Extracted information Start Marker

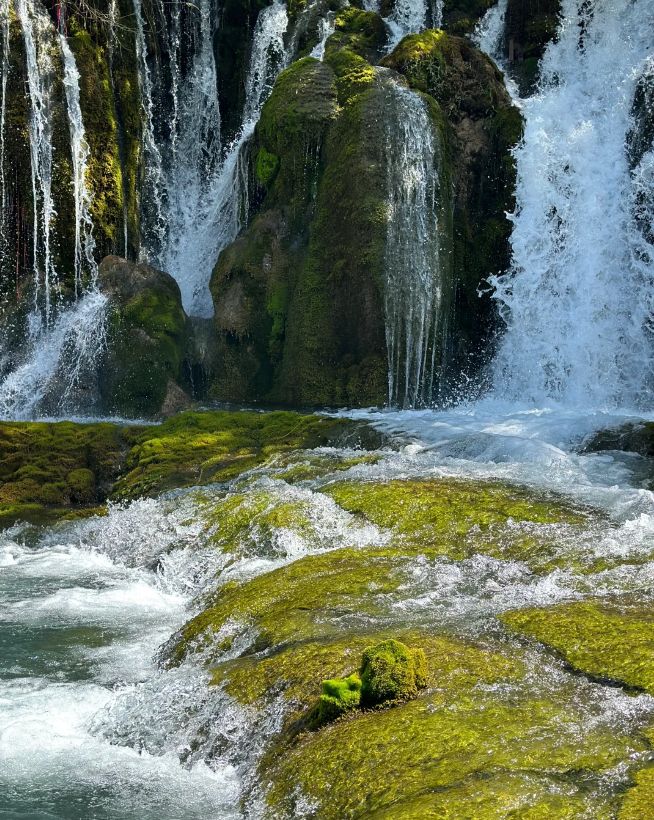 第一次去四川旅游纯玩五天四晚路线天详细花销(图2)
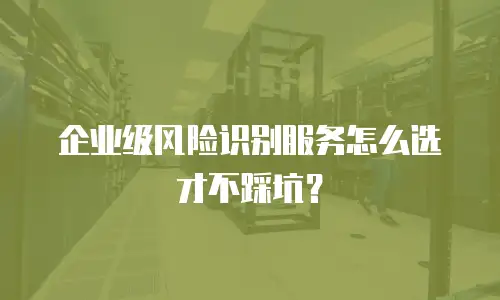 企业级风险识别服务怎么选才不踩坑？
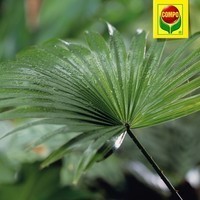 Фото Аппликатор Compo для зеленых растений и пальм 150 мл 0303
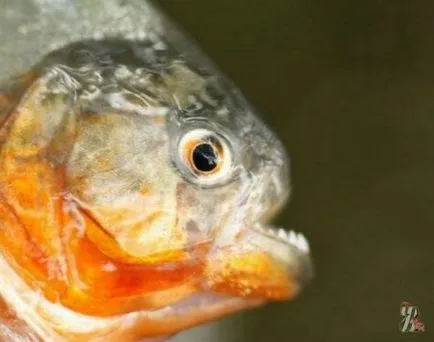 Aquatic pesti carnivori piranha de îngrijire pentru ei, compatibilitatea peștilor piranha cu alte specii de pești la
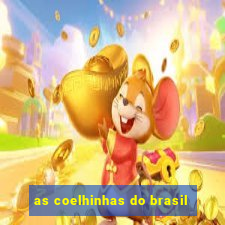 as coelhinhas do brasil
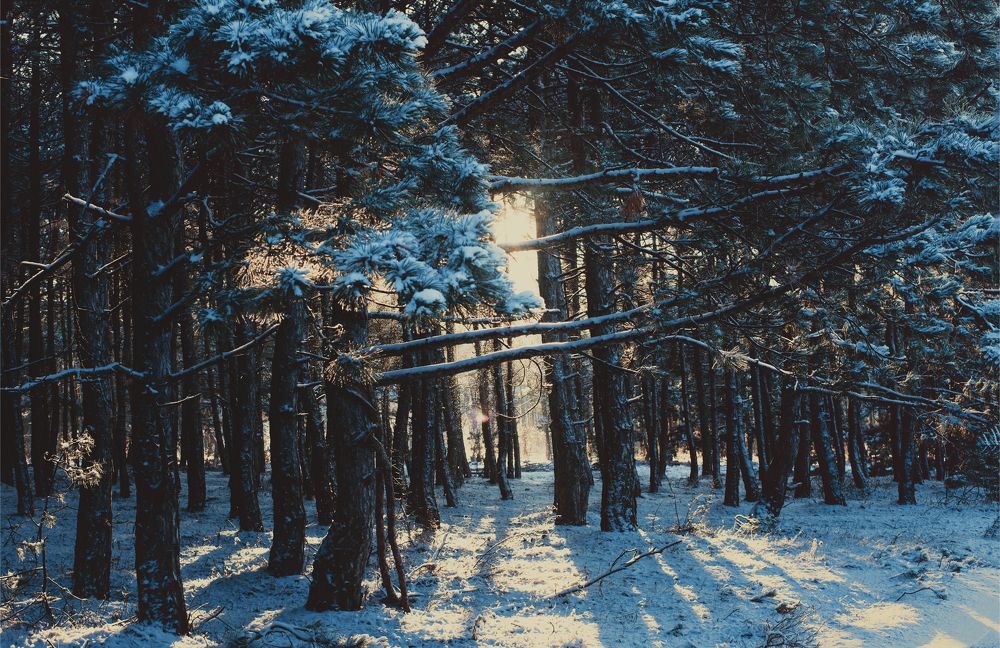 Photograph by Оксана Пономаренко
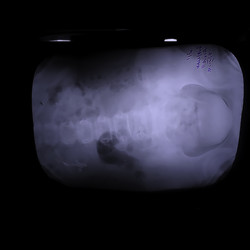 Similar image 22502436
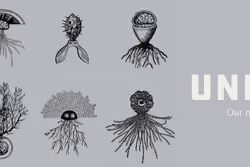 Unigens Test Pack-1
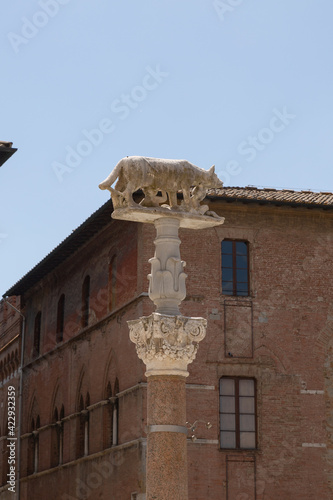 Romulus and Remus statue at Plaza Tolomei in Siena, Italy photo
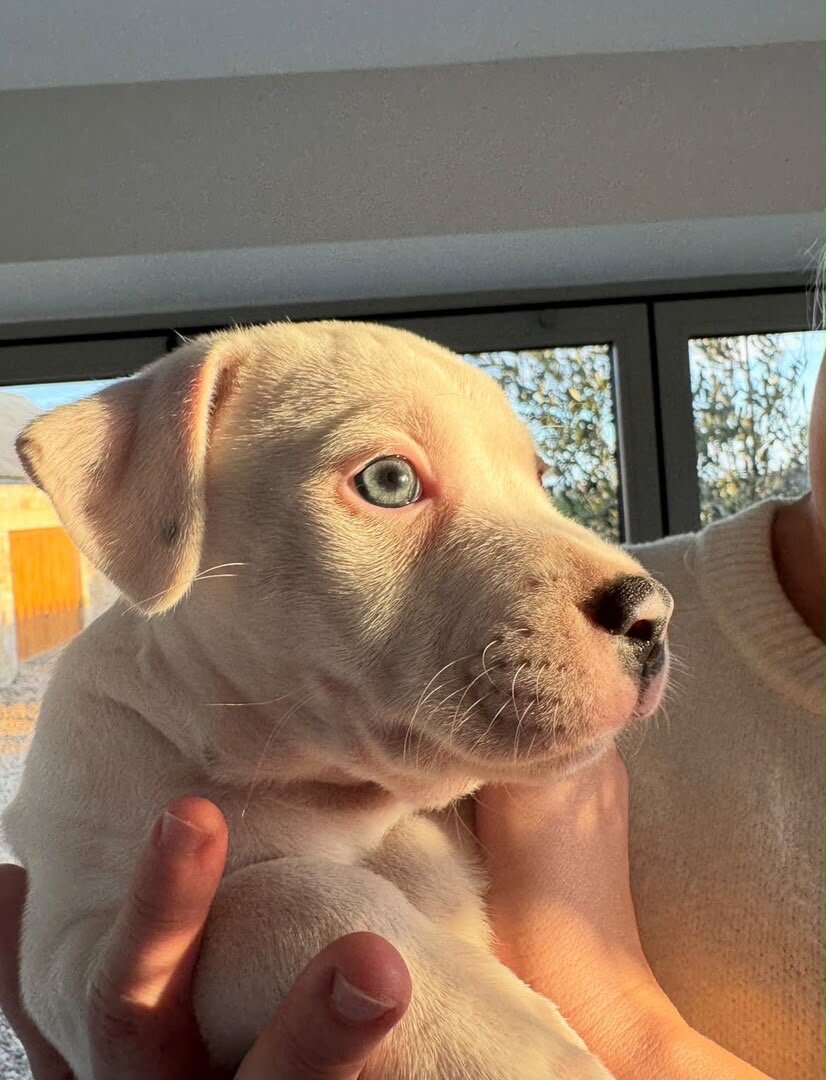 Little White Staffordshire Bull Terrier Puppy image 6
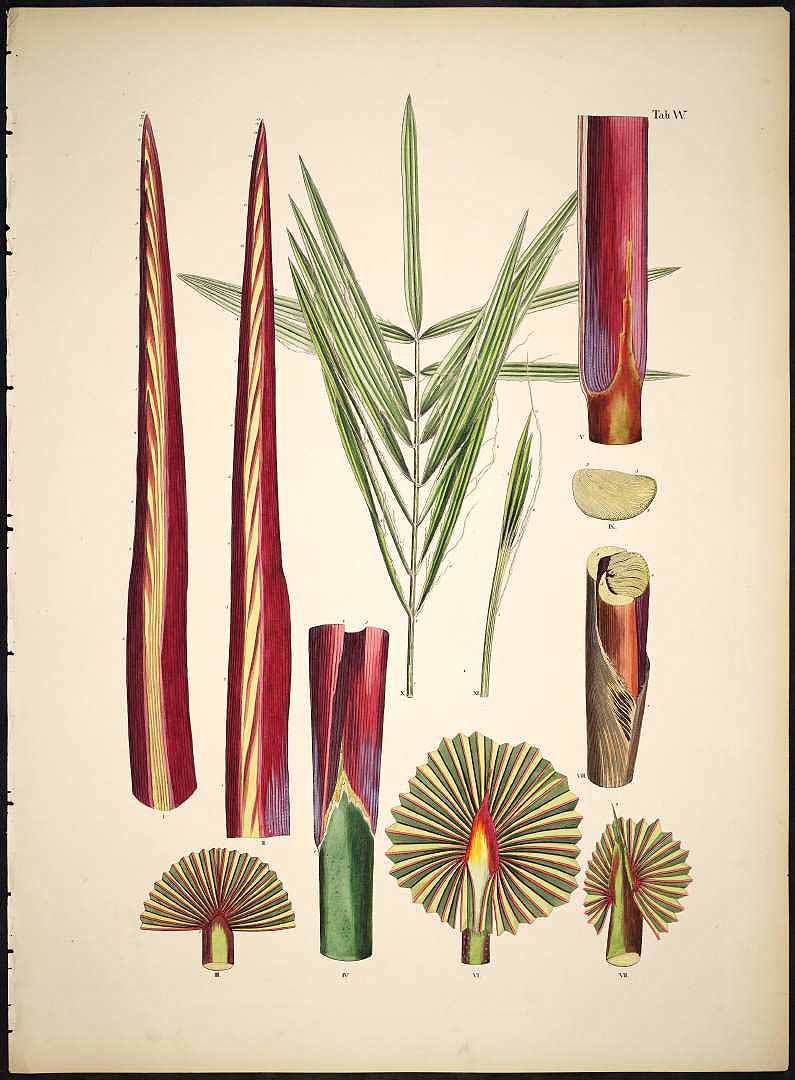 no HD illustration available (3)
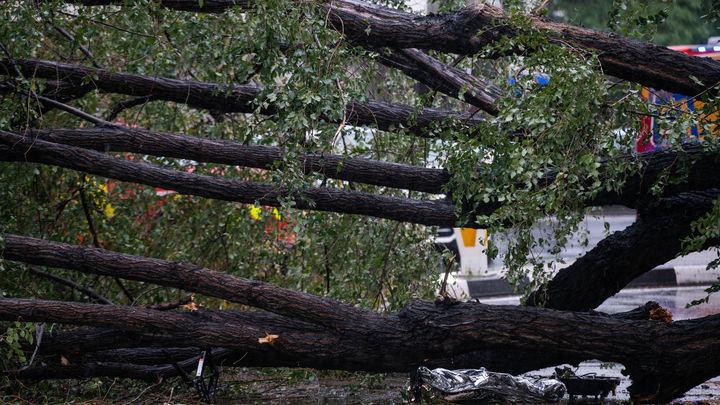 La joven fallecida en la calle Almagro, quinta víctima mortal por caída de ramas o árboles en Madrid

Extracted information End Marker
Extracted information Start Marker

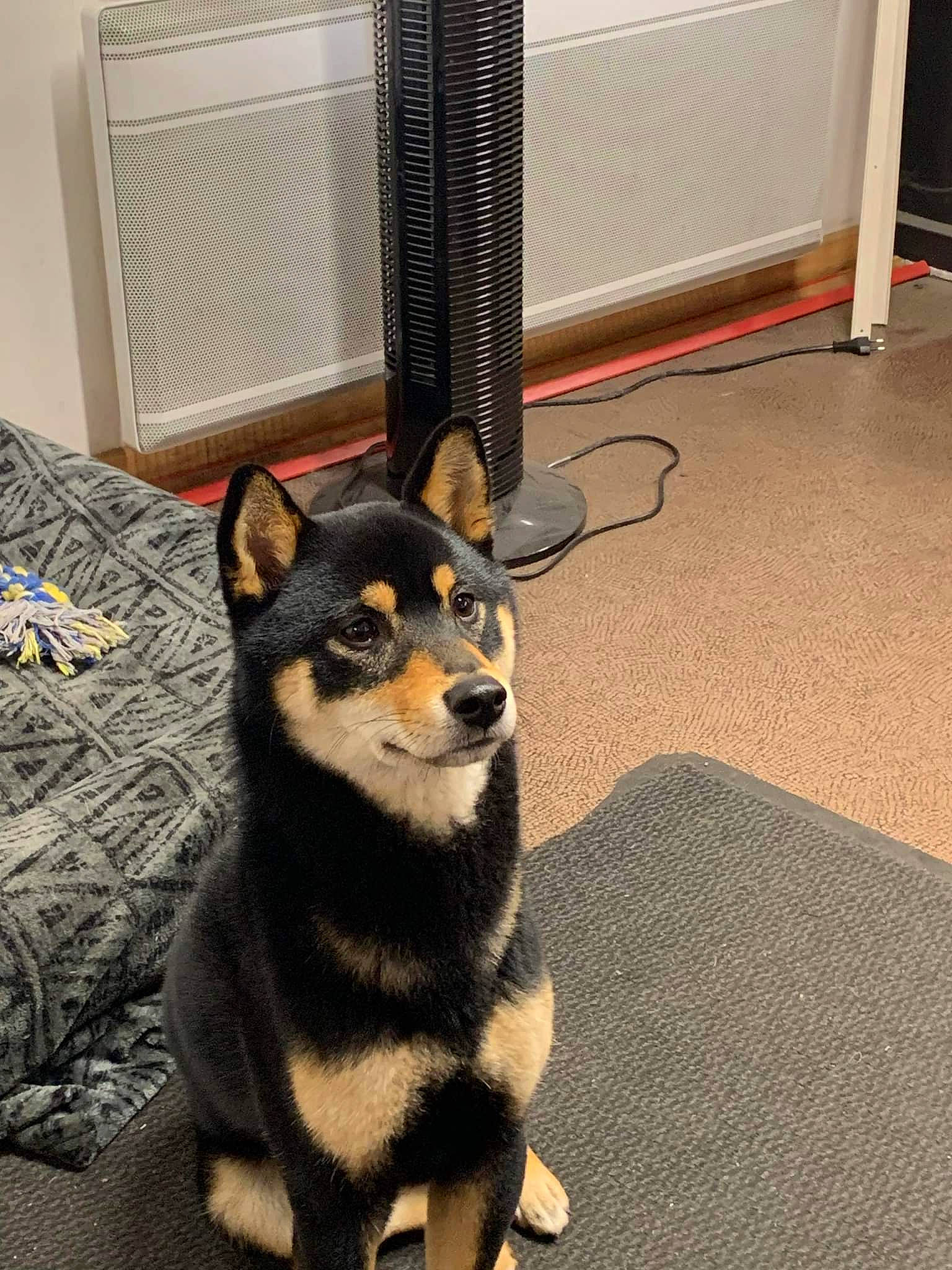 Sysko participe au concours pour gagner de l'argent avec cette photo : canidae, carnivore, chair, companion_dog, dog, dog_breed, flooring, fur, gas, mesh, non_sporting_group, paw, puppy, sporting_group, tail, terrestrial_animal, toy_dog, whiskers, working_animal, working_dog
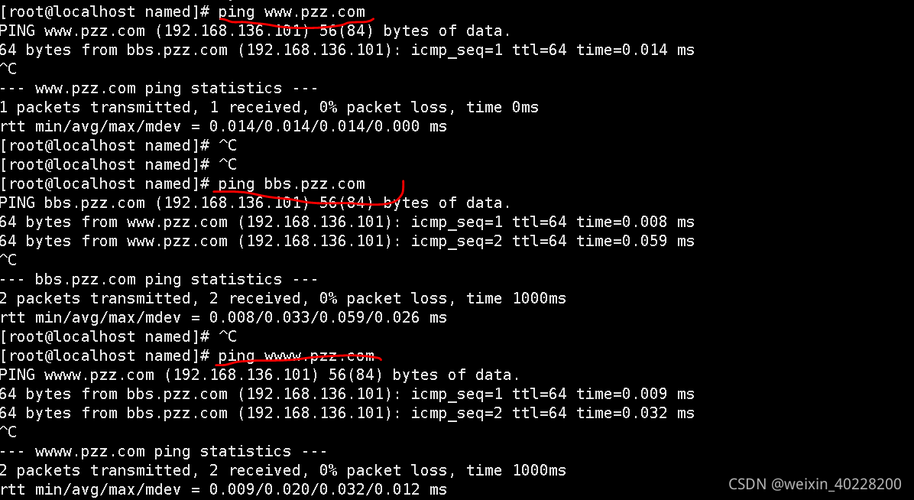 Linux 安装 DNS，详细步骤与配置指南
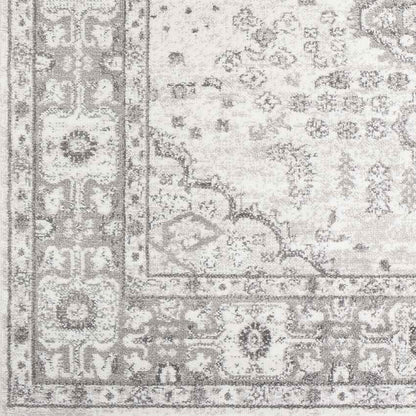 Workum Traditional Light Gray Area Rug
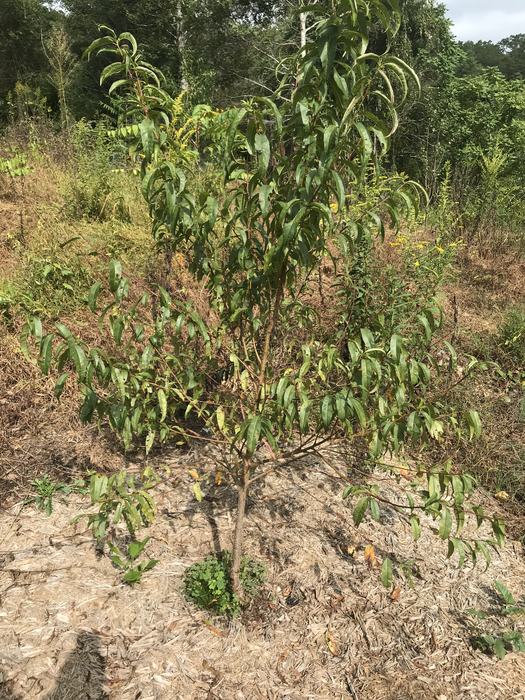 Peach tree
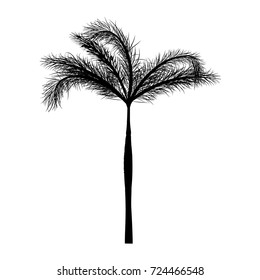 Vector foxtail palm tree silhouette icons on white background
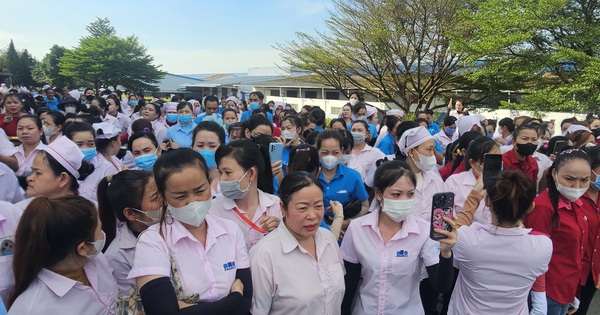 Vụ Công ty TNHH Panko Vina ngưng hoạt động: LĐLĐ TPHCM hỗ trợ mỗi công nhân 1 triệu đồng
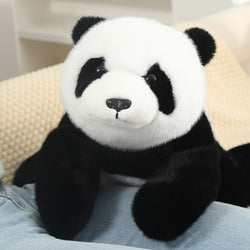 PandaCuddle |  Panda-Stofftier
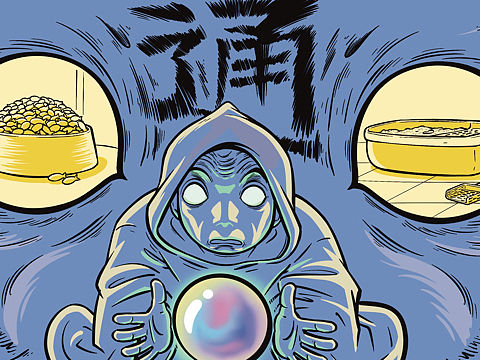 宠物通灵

Extracted information End Marker
Extracted information Start Marker

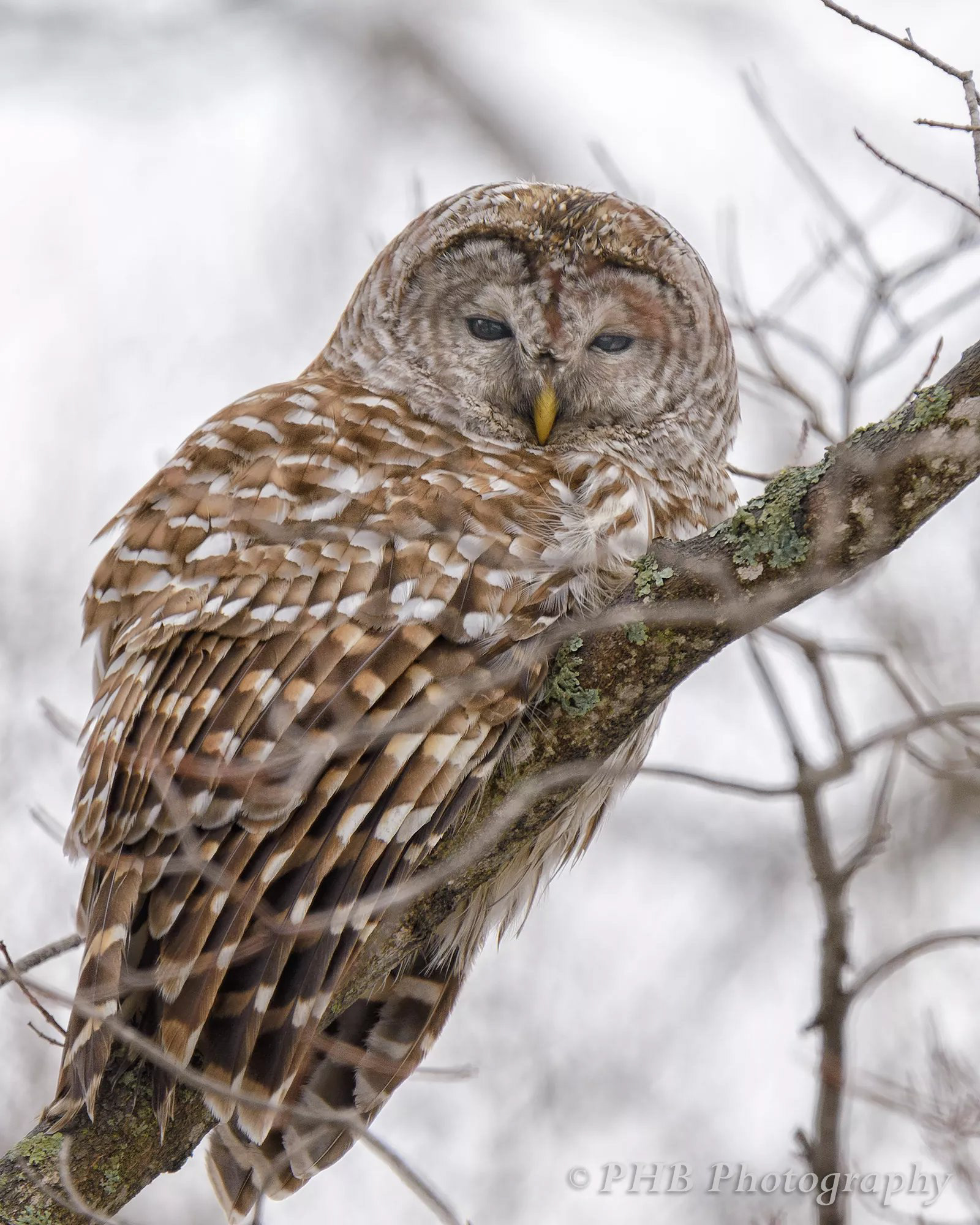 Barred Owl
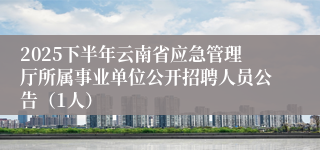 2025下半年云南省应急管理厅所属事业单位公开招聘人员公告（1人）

Extracted information End Marker

#### How to complete this task:
Retype the lines above exactly as they appear, from the line containing "Aquatic pesti carnivori" through the line containing "Unigens Test Pack-1", and leave out any pictures.

#### Solution to the problem:
 Aquatic pesti carnivori piranha de îngrijire pentru ei, compatibilitatea peștilor piranha cu alte specii de pești la
 as coelhinhas do brasil
 Photograph by Оксана Пономаренко
 Similar image 22502436
 Unigens Test Pack-1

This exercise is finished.